From the line containing "Fili in pietra" through the last line of the records below, each line is to be repeated exactly; pictures are to be omitted.

** Data for this exercise follows **

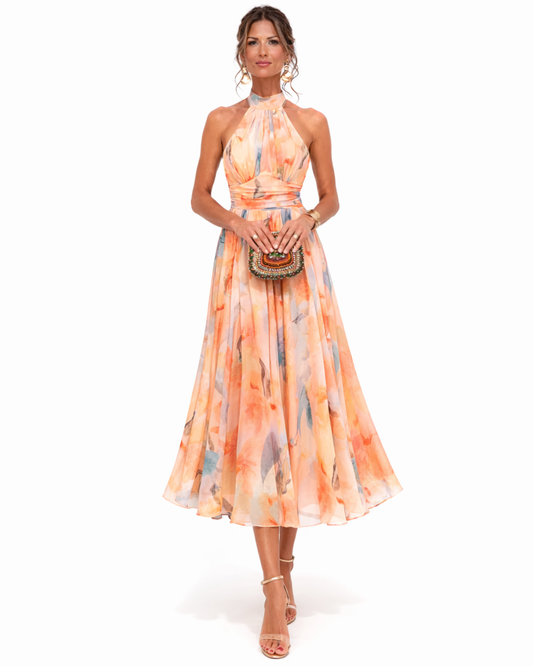 Mandy | Women's Watercolor Print Halter Neck Dress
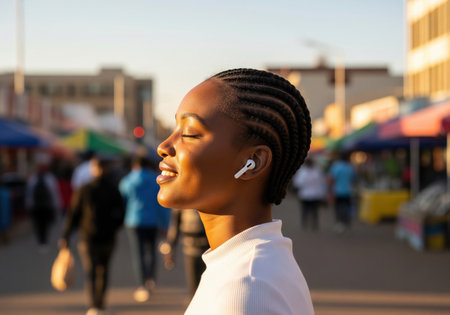 Happy young African woman with her eyes closed, listening to music on wireless earbuds at a busy city market during a beautiful sunset.の素材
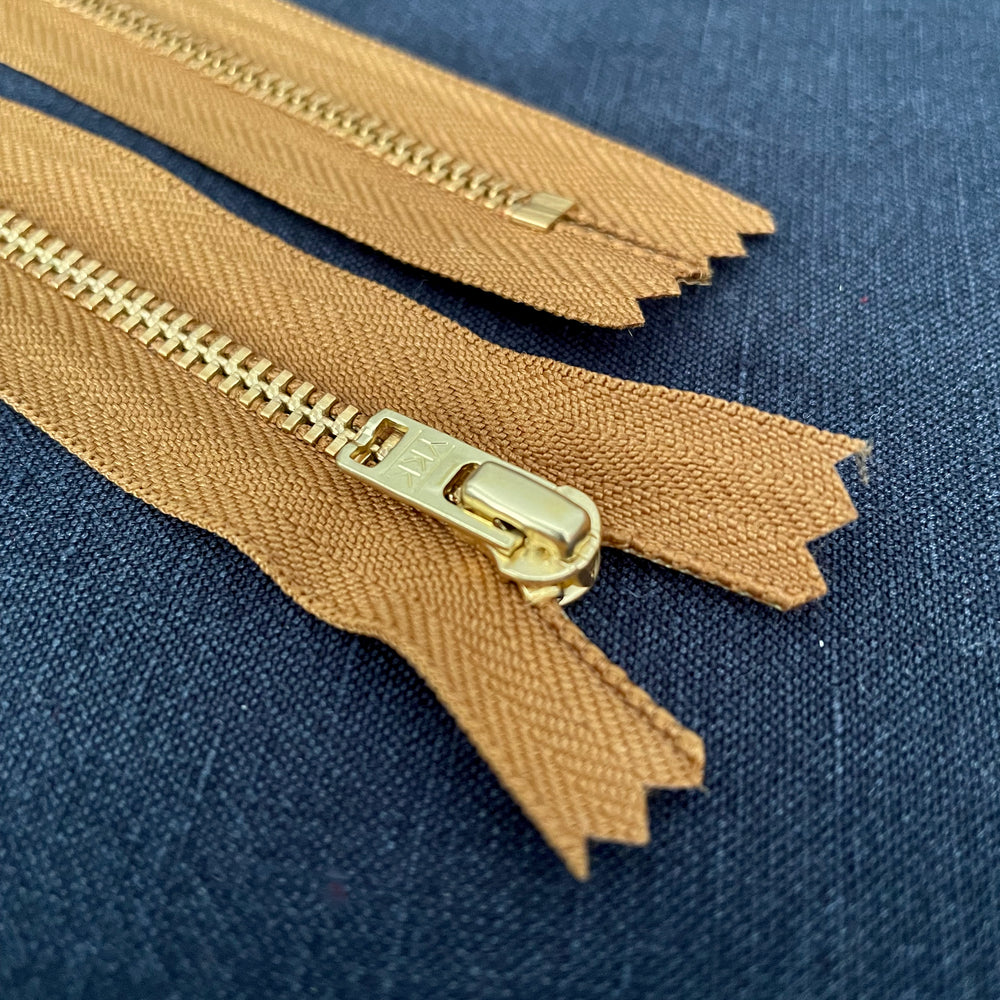 YKK® METAL ZIPPER • Assorted Colours • Brass finish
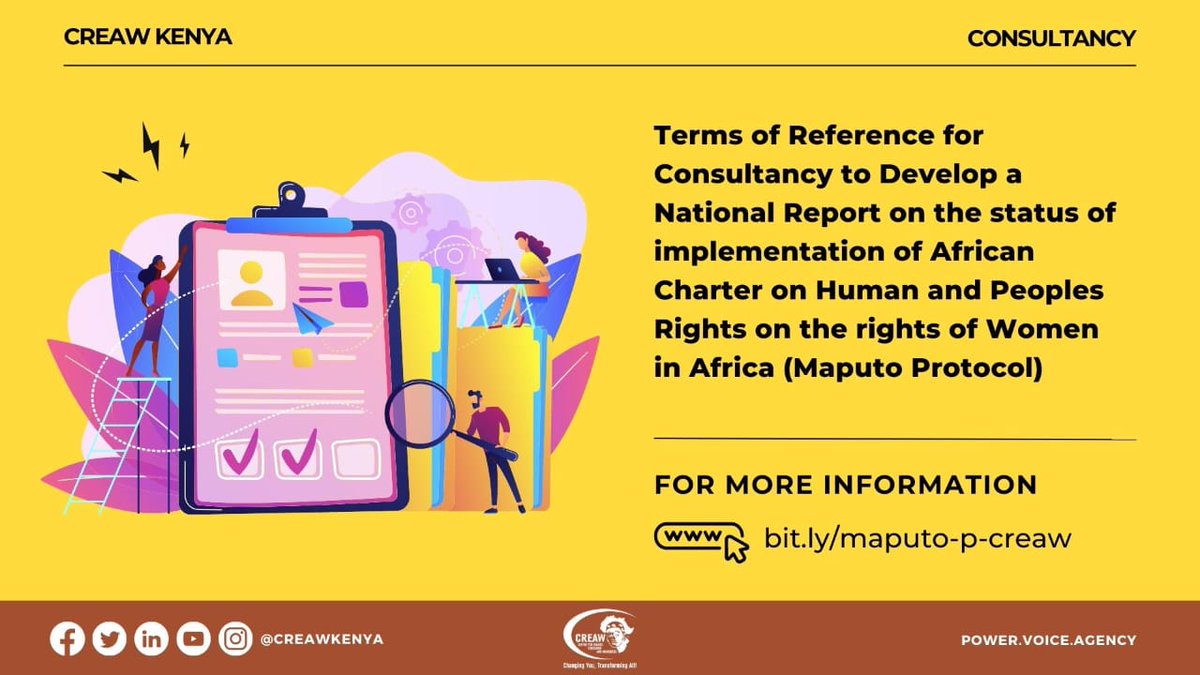 CREAWKenya's tweet photo. 🗣WE ARE HIRING🗣

CREAW wishes to hire the services of a qualified consultant to support with the development of a national status report on the implementation of the Maputo Protocol since its ratification by Kenya.

DEADLINE: 7th June 2023
Apply here  https://t.co/1CQGWdanGI https://t.co/1gQj2Yfgmh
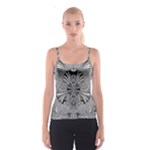 Abstract Art Black and White Floral Intricate Pattern Spaghetti Strap Top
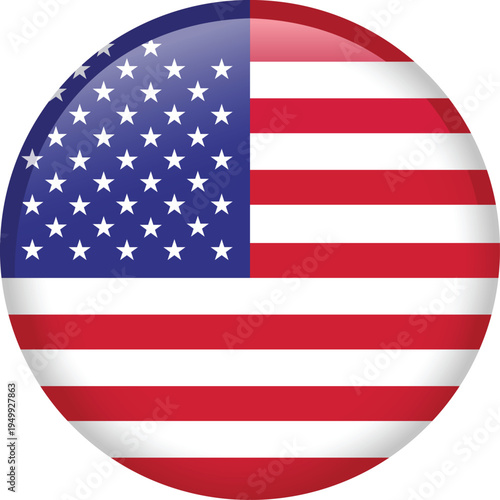 USA National Flag Round Button Emblem Design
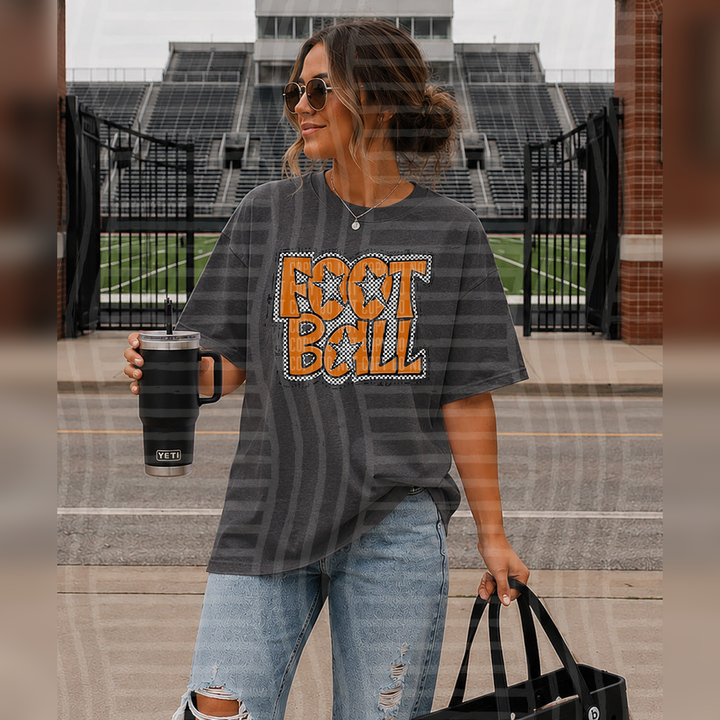 Preppy Checker Football Burnt Orange Stars – DTF Transfer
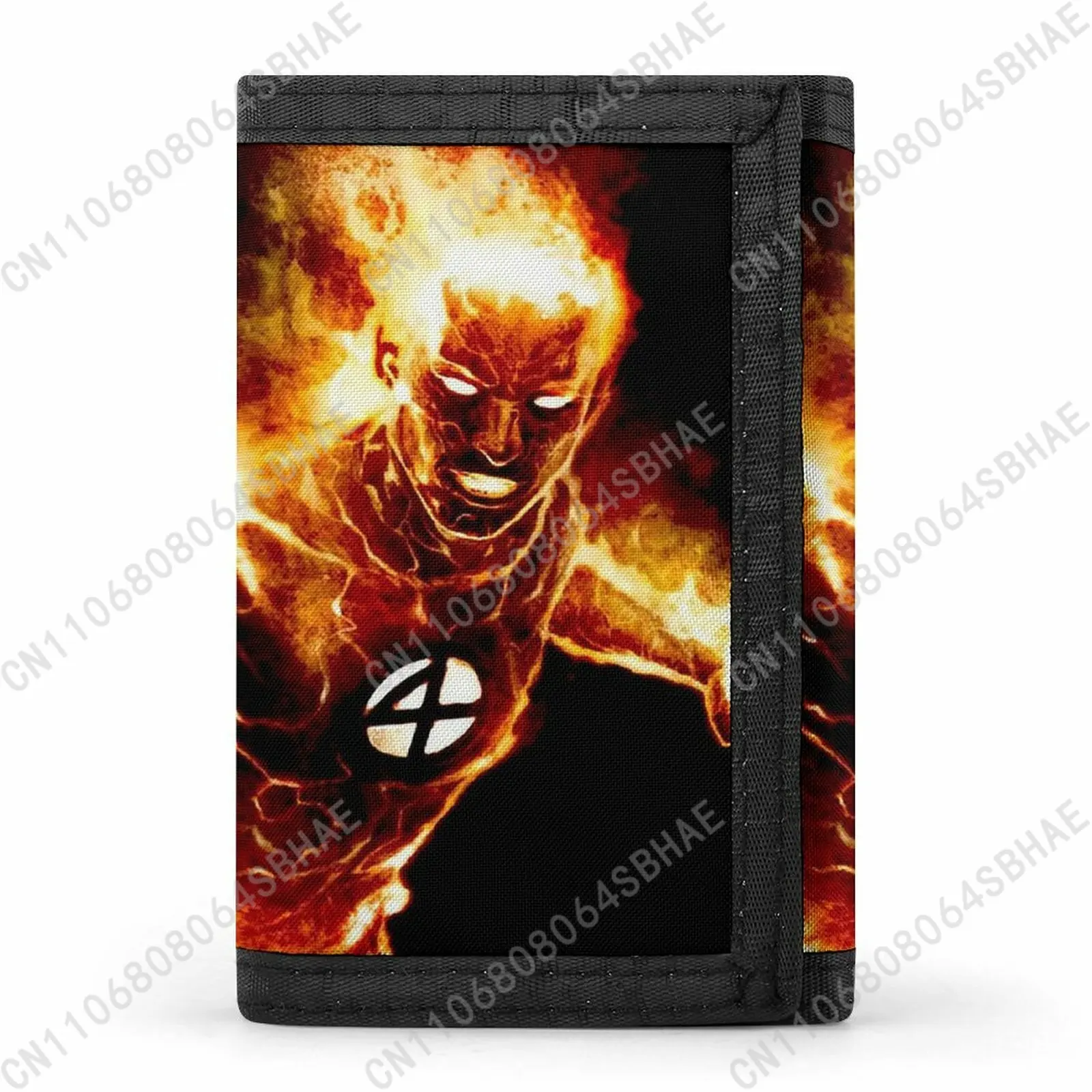 

Marvel Human Torch Tri Fold Wallet Teenage Girls Boys Slim 3 Fold Card Personalized Pattern Purse School Daily Use Cosplay
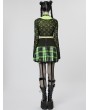 Punk Rave Black and Green Plaid Gothic Punk Grunge Girl Pleated Mini Skirt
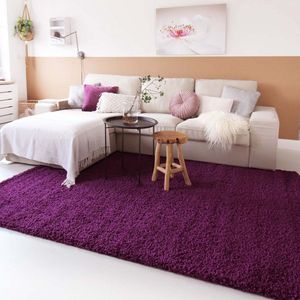 Hoogpolig vloerkleed shaggy Trend effen - paars 100x100 cm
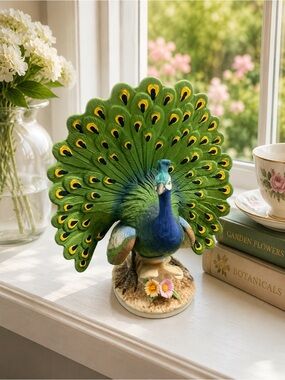 Lefton China Peacock Figurine, model KW236, made in Japan.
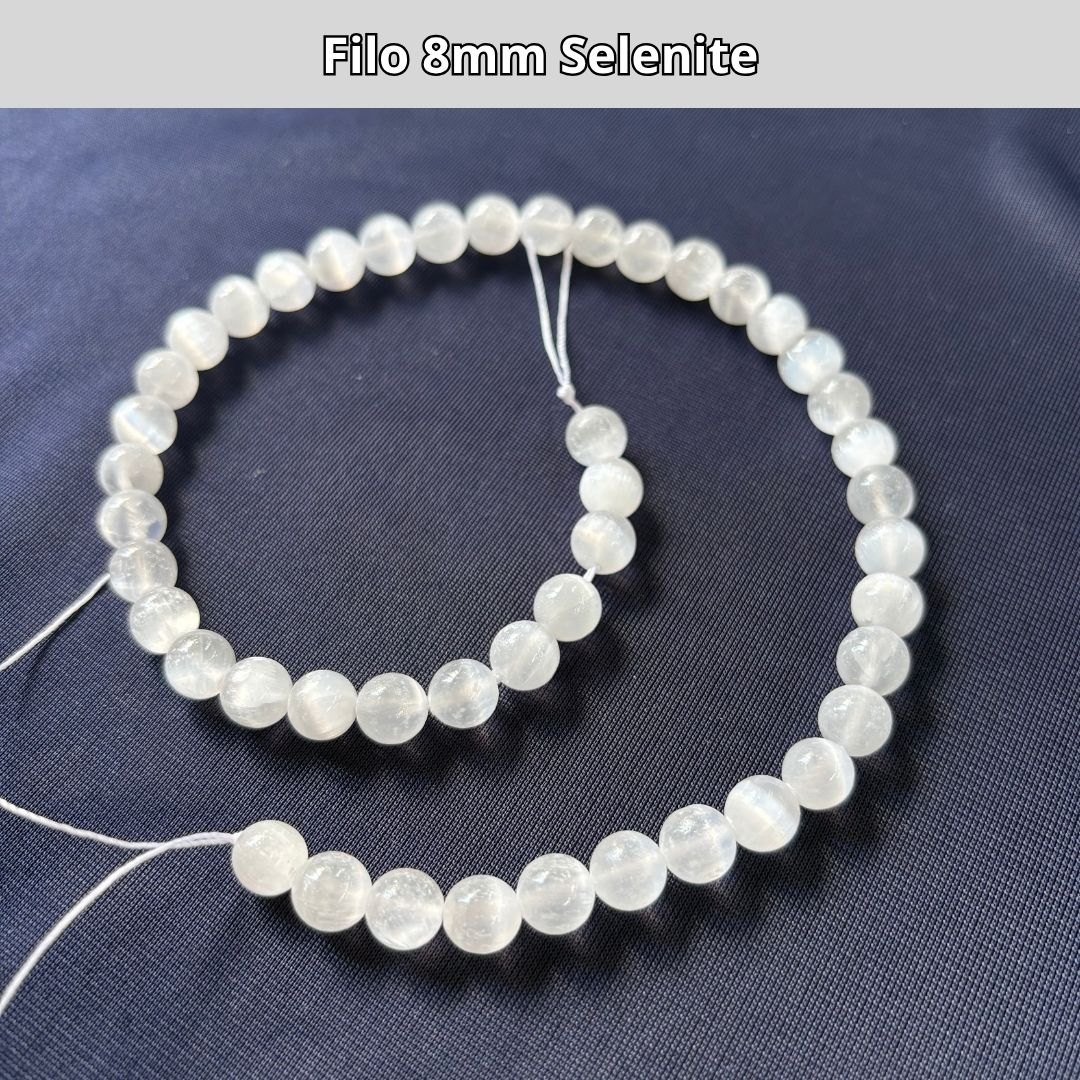 Fili in pietra naturale Selenite 8mm (46 perle)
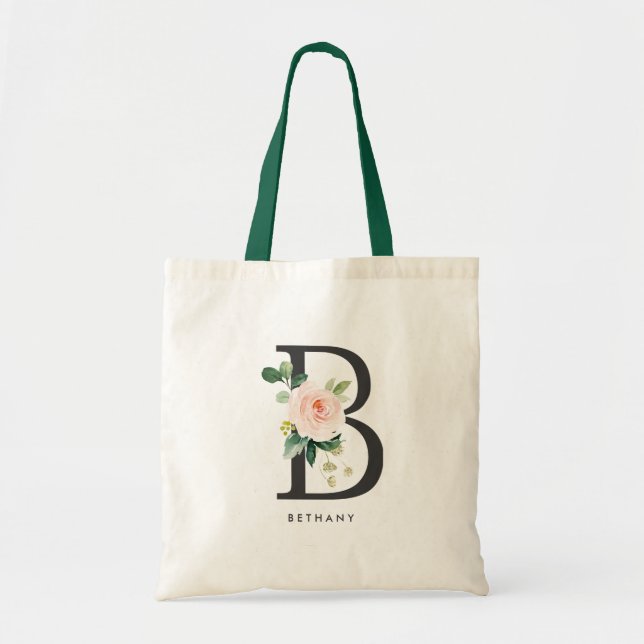 Peony Floral Letter B Black Monogram Bridesmaid Tote Bag (Front)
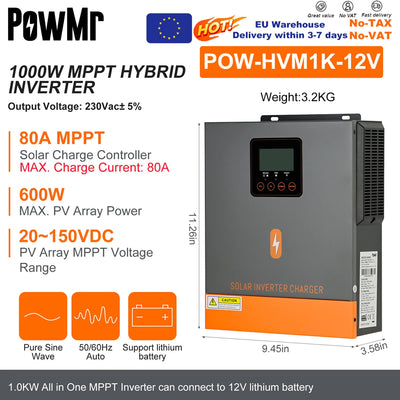 Onduleur Solaire Hybride 1kW 12V Onde Pure - vue 7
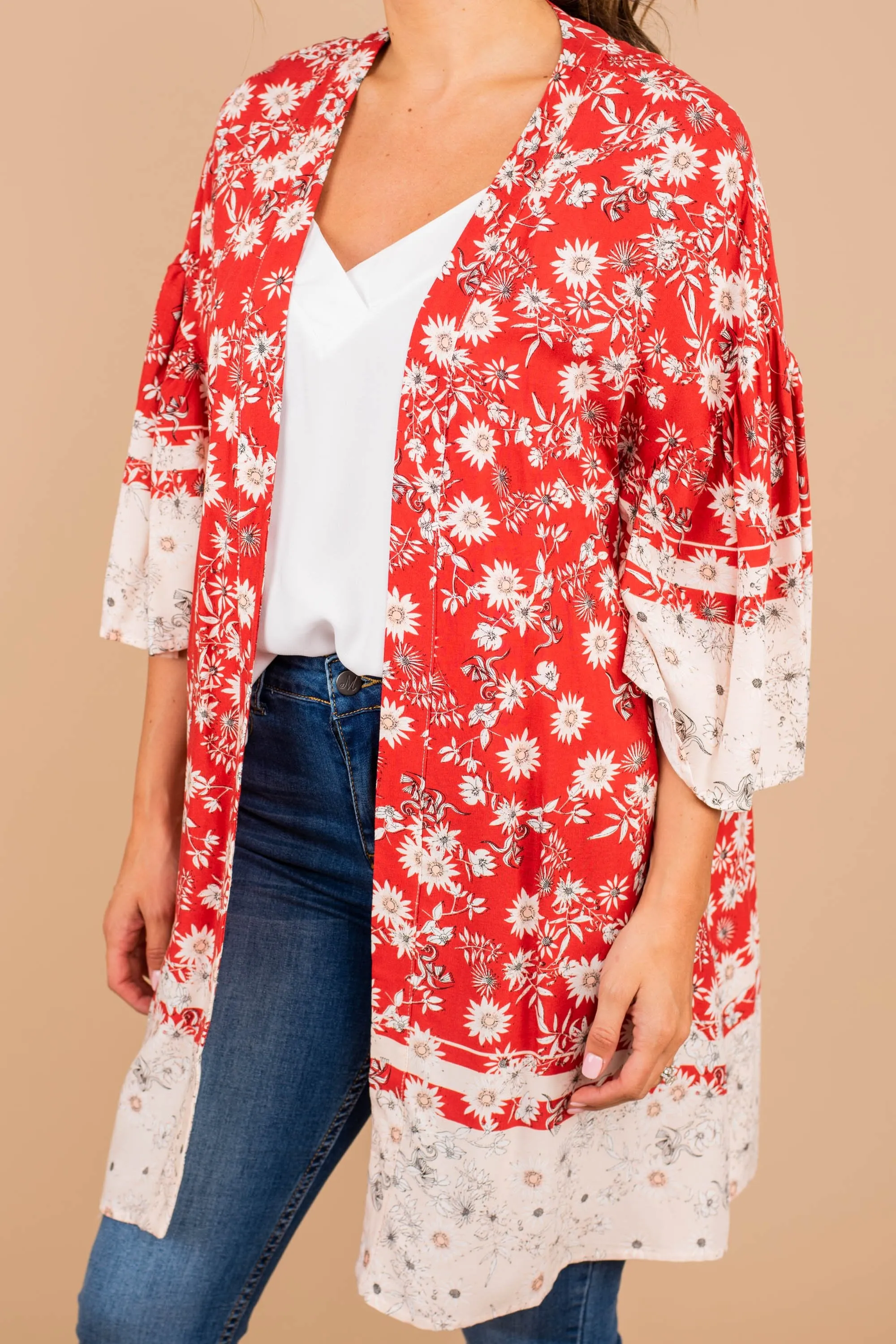 It's Your Day Rust Orange Floral Kimono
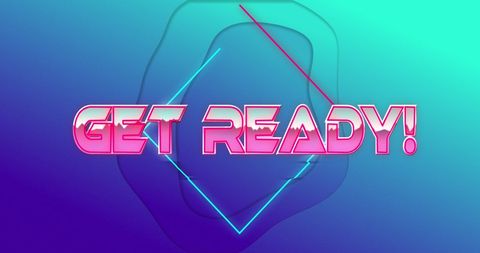 Retro style get ready neon text on vibrant background
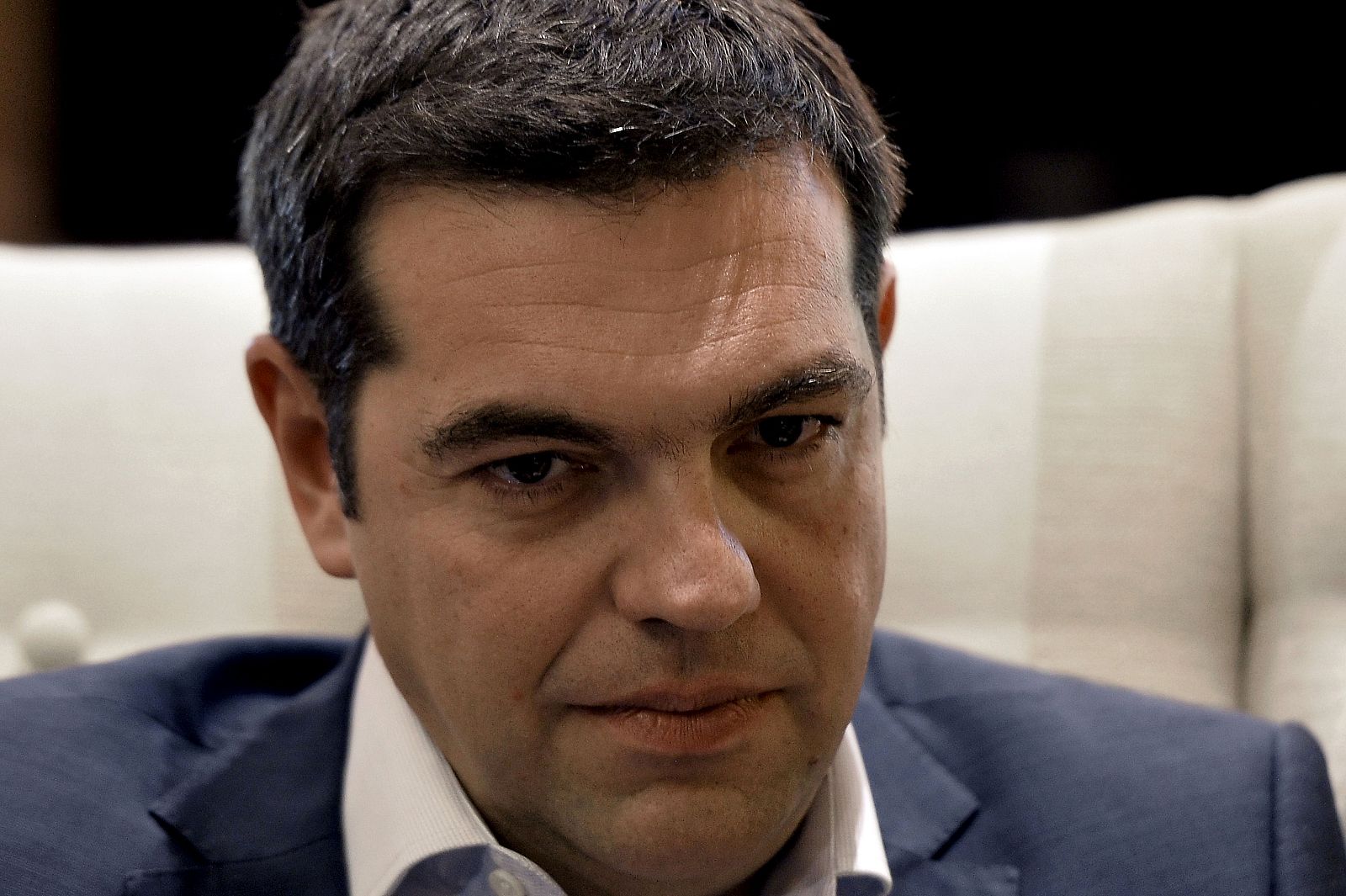 Primer plano del primer ministro griego, Alexis Tsipras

** End of Data for this exercise **

◆ Completed exercise
 Fili in pietra naturale Selenite 8mm (46 perle)
 Peony Floral Letter B Black Monogram Bridesmaid Tote Bag (Front)
 Onduleur Solaire Hybride 1kW 12V Onde Pure - vue 7
 It's Your Day Rust Orange Floral Kimono
 Retro style get ready neon text on vibrant background
 Primer plano del primer ministro griego, Alexis Tsipras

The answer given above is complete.